Le diable a des tresses blondes
Certains vous diront : les enfants, c'est une joie perpétuelle, la continuité générationnelle, le futur de l'homme, la promesse d'un espoir. Assurément, ils n'ont pas vu ce film.
Avant tout, précisons : le film est tiré d'une pièce de théâtre (et elle-même d'un roman), ce qui justifie en partie son aspect volontairement théâtral et également la *presque* unité de temps et de lieu.
Ce film a d'ingénieux qu'il nous présente une famille bien comme il faut des années 50 : une femme au foyer parfaite et aimante, un papa militaire (forcément un "gars bien" donc), une grand-mère sympathique et amusante et une petite fille aux ravissantes tresses blondes, véritable fantasme nazi ambulant qui aurait pu sortir du "village des damnés". Évidemment, dès le début du film on la déteste, quoi de plus irritant qu'une petite fille bien élevée à la limite de la condescendance ? Ses petits sourires intéressés, ses révérences exagérées, son obéissance simulée, font qu'immédiatement comme le dira David Lynch plus tard : "elle était si bonne, si gentille, qu'elle ne pouvait qu'être mauvaise !"
Et c'est au moment où l'on réalise cela que l'on va l'adorer. Cette petite fille Rhoda, de son charmant prénom, est la petite fille parfaite, exceptée qu'elle est tout sauf ça. Le film commence alors un peu avant que la radio locale annonce qu'un enfant s'est noyé lors d'une sortie avec son école. Rhoda revient donc passer le reste de la journée à la maison, mais nullement affectée par cette tragédie. La mère, retrouvant un objet volé au garçon noyé, va commencer à avoir des soupçons sur sa fille... Au demeurant, durant cette journée plusieurs personnages vont défiler, chacun venant renforcer la conviction que Rhoda outre sa perfidie habituelle, n'en serait pas à sa première victime.

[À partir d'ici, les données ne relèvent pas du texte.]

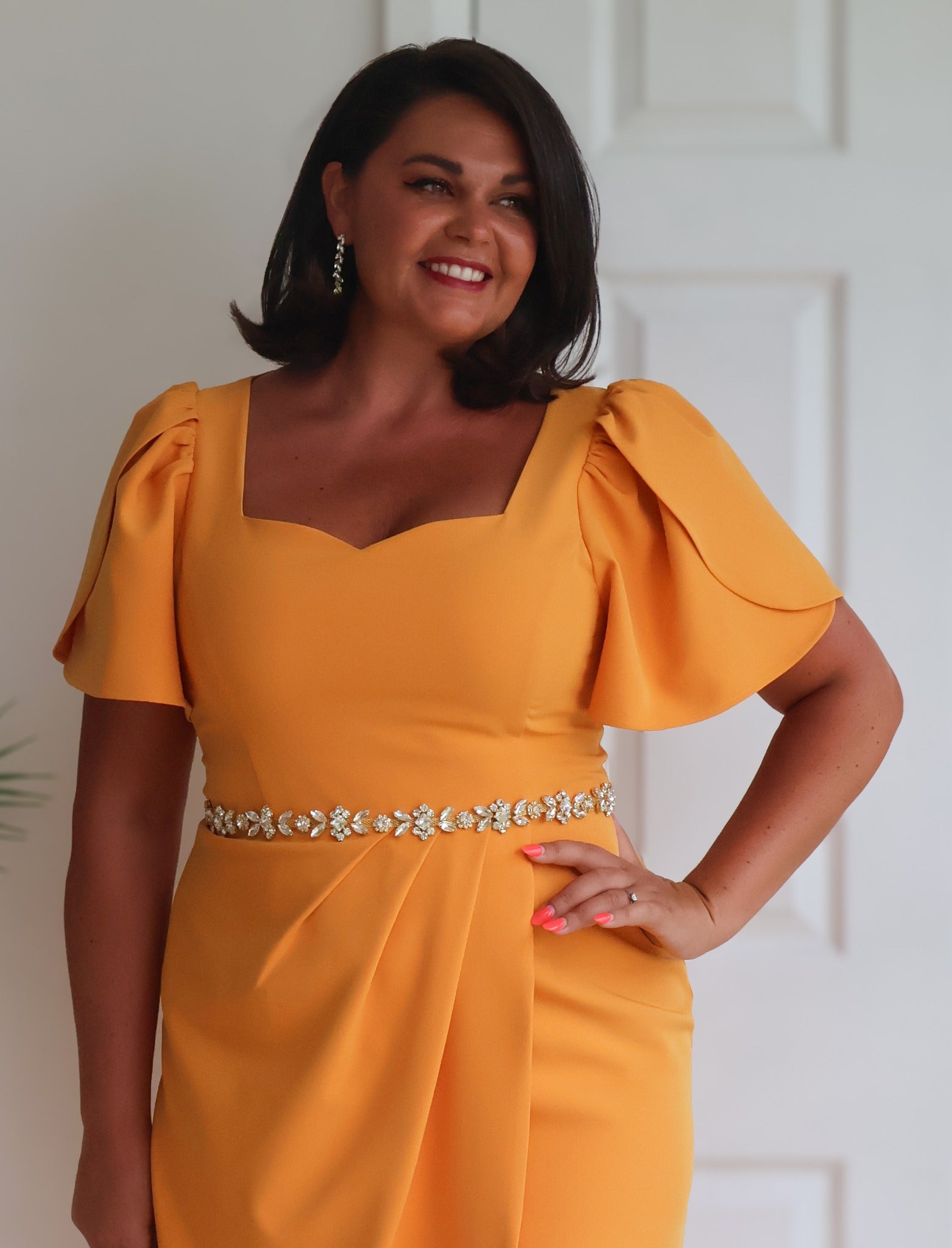 SOLANA EMBELLISHED WAIST TULIP SKIRT MIDI - SUNSHINE ORANGE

Passés quelques défauts : des cadrages un peu maladroits, une journée vraiment "très" longue pour tous ces évènements, et une musique un peu irritante, il faudra retenir à tout cela les qualités indéniables du film : un scénario étoffé, et des comédiens formidables : la mère avait gagné un Tony award au théâtre pour ce même rôle, l'actrice jouant Rhoda et sa voix éraillée, pas vraiment mignonne mais juste assez ambigüe pour passer de la jeune fille exquise à la brute, et la grand-mère sorte de pilier faussement rassurant. L'intrigue file à toute vitesse, les passages "explicatifs" sur le comportement de Rhoda sont peut-être un peu de trop, surtout de nos jours, mais viennent marquer le fait que le film reste "daté".
Le spectateur étant dès le départ dans la complicité avec Rhoda grâce à des plans serrés sur ses expressions lorsqu'elle est seule ou certains commentaires "off", on peut dès lors mieux apprécier et devancer ses agissements : le passage où Rhoda quitte la pièce avec des allumettes à la main, 5 minutes avant que l'on entende des hurlements est tout simplement génial.
Seul regret : la fin osée et audacieuse de la pièce et du roman a été complétée pour être adaptée au "code hays" en vigueur à l'époque, elle reste néanmoins très proche de l'esprit de la pièce.
Film pro-IVG assumé. Difficile de ne pas être d'accord.